• _Task prompt_: Search the listing below for the line containing "BONANZA MEN'S 2". From there through the line containing "مسابقه دوبل پینگ", transcribe every line exactly, both ends included.

• _Given information_:

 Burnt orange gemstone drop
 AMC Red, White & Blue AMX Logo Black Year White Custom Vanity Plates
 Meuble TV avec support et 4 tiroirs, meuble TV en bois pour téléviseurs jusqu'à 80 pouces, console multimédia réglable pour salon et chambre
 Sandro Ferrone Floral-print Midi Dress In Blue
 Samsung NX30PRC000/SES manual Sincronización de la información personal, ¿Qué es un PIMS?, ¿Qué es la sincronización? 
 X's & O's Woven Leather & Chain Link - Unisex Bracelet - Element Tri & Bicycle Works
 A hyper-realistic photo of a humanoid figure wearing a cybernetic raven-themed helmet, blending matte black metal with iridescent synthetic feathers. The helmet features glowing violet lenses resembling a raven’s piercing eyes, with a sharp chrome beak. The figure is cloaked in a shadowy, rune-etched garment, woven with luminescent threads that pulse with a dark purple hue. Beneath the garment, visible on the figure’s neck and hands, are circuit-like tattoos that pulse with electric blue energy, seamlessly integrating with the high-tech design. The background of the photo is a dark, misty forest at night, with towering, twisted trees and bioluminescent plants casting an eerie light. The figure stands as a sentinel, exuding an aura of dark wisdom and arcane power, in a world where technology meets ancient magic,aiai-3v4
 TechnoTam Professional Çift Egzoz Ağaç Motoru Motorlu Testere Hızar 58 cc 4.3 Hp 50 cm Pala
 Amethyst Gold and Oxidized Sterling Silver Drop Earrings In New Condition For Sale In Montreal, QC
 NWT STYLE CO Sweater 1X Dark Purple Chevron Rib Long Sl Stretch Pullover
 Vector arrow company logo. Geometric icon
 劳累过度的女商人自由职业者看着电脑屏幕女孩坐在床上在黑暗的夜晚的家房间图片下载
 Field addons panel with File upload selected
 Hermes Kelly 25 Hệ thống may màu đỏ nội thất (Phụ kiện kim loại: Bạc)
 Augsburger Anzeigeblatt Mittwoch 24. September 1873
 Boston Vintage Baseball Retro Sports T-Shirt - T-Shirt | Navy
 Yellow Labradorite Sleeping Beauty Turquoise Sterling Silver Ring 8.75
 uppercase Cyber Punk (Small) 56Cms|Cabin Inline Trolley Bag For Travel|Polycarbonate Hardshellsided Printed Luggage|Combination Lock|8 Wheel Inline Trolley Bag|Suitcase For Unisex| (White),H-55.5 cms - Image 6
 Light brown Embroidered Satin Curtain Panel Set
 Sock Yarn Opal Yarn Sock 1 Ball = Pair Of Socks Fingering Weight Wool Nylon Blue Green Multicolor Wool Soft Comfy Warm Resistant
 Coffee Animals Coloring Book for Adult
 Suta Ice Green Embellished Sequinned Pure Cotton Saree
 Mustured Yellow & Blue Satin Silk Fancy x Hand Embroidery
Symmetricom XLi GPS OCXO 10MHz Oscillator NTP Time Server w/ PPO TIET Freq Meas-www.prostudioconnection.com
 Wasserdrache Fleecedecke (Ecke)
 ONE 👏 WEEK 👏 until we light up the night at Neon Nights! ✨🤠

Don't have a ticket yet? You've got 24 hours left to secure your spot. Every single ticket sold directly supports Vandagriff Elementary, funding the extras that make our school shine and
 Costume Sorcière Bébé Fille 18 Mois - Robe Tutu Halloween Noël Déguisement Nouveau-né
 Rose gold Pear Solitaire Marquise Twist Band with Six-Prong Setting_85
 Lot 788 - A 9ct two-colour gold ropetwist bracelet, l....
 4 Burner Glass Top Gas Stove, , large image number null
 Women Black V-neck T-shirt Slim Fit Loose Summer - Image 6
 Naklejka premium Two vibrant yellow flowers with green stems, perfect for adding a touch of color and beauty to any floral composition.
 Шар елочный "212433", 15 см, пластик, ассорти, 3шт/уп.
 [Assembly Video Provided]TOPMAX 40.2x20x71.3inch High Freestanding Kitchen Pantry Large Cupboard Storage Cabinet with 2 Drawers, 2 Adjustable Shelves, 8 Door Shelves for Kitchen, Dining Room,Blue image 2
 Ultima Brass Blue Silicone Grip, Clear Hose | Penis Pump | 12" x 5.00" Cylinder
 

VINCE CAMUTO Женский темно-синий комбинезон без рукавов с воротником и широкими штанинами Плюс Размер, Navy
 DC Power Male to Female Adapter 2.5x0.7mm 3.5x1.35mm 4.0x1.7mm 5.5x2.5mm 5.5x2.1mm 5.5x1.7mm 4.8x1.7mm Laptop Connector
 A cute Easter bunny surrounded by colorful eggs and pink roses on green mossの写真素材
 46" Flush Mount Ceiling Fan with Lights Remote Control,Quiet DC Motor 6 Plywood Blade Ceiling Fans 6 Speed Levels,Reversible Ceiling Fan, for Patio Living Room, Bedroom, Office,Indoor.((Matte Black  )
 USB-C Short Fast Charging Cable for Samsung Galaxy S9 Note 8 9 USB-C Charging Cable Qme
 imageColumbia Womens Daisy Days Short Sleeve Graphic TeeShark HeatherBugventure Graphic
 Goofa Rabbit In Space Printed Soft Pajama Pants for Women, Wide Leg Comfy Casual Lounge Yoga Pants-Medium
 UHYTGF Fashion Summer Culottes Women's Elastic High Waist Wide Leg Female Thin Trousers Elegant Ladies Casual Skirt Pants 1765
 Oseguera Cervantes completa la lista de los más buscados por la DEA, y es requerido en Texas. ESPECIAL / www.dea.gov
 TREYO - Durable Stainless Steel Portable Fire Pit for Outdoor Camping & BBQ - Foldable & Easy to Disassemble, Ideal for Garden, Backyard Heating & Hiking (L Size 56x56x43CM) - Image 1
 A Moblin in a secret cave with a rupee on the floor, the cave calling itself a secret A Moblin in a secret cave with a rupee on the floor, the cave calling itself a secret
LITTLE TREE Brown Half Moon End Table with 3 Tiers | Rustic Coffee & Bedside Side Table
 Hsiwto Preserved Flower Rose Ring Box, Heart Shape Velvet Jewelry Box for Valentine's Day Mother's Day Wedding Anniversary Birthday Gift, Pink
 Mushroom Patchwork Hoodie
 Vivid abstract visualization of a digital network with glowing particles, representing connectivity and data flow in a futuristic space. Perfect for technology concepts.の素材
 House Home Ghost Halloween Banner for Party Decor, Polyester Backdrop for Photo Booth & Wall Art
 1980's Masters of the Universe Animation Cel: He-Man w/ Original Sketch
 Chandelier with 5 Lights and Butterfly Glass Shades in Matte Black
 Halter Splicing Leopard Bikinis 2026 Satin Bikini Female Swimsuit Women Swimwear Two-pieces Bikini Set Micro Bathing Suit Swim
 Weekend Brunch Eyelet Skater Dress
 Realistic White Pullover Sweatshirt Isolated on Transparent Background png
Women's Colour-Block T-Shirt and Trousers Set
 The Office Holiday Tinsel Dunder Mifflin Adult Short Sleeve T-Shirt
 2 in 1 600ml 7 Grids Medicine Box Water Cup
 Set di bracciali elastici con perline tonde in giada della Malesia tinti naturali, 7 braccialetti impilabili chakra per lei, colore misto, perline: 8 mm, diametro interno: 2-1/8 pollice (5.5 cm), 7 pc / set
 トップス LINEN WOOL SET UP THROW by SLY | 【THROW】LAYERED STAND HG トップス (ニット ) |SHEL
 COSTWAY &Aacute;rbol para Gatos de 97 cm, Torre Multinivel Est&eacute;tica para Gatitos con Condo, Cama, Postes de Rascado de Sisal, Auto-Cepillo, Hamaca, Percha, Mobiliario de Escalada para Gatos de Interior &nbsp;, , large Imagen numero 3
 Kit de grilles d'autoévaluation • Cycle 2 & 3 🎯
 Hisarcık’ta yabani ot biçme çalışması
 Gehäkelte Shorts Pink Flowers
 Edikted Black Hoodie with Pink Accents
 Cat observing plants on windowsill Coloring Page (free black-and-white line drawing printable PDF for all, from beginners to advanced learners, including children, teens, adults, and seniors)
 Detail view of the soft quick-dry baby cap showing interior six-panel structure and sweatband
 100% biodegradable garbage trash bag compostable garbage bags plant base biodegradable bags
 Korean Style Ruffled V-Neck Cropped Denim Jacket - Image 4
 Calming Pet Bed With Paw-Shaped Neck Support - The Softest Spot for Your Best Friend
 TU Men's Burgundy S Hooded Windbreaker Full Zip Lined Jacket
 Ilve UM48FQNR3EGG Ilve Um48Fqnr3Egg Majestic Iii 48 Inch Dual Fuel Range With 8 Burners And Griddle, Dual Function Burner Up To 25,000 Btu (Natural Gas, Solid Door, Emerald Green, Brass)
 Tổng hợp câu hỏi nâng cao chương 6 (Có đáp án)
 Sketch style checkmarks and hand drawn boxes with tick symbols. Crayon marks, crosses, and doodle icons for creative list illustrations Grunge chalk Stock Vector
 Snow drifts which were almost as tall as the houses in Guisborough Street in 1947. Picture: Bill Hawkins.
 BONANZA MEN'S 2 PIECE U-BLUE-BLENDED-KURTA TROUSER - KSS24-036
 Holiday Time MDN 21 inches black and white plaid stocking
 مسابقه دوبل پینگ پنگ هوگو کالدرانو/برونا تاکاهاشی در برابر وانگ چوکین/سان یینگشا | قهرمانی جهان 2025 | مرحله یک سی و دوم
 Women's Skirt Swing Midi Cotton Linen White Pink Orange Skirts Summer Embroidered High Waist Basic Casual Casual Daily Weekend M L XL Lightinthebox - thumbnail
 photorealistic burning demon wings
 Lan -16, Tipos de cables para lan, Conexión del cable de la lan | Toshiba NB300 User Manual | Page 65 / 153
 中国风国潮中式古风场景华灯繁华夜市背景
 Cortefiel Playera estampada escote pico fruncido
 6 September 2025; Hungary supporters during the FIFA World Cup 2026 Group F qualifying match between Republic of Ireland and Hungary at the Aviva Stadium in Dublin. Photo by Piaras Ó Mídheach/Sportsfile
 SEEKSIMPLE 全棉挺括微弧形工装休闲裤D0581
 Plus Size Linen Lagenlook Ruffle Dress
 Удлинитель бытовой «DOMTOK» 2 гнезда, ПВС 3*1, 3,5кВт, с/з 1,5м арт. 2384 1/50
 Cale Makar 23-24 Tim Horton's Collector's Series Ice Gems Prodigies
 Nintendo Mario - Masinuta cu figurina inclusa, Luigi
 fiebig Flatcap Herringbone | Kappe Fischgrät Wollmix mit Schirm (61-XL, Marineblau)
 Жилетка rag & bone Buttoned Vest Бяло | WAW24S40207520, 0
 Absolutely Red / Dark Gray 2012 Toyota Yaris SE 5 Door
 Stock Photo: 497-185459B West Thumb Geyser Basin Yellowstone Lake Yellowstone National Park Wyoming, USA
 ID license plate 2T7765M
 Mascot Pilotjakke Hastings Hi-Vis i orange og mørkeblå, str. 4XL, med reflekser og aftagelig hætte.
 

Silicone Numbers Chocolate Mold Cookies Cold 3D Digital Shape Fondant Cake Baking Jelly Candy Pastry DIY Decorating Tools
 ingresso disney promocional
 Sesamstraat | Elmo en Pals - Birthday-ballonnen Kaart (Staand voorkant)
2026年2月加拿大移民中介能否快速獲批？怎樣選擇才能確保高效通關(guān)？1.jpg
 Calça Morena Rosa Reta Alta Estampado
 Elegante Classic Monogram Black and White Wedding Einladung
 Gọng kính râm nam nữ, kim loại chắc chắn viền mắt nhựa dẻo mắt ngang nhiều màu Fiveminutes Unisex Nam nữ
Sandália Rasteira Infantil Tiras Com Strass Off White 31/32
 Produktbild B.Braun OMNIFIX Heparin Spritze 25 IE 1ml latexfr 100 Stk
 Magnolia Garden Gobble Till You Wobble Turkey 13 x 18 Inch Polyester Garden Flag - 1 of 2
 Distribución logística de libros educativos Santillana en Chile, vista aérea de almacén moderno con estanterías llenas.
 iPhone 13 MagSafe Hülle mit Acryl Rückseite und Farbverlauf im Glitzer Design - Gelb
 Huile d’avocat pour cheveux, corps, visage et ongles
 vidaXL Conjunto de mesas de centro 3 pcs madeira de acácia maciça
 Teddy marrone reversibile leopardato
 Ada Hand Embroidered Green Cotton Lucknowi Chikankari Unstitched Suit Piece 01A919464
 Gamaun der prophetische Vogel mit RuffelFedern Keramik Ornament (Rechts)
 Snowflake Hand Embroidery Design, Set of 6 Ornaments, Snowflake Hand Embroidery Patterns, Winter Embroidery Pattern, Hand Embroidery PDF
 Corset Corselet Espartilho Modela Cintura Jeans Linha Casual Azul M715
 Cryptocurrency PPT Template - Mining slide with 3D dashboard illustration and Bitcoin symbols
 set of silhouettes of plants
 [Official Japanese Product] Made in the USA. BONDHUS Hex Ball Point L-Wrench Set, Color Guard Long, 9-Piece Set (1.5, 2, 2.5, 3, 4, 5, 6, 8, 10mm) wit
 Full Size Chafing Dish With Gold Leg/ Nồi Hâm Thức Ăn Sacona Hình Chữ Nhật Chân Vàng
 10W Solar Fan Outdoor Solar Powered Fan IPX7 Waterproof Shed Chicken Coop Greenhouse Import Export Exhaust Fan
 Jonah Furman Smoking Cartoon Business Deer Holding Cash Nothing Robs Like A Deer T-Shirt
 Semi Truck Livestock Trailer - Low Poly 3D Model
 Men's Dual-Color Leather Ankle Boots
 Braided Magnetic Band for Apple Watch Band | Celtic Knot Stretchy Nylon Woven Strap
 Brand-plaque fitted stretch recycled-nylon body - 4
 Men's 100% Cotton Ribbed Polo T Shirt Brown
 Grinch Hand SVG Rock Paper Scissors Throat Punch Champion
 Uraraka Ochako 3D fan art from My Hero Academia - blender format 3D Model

• _Reply_:
 BONANZA MEN'S 2 PIECE U-BLUE-BLENDED-KURTA TROUSER - KSS24-036
 Holiday Time MDN 21 inches black and white plaid stocking
 مسابقه دوبل پینگ پنگ هوگو کالدرانو/برونا تاکاهاشی در برابر وانگ چوکین/سان یینگشا | قهرمانی جهان 2025 | مرحله یک سی و دوم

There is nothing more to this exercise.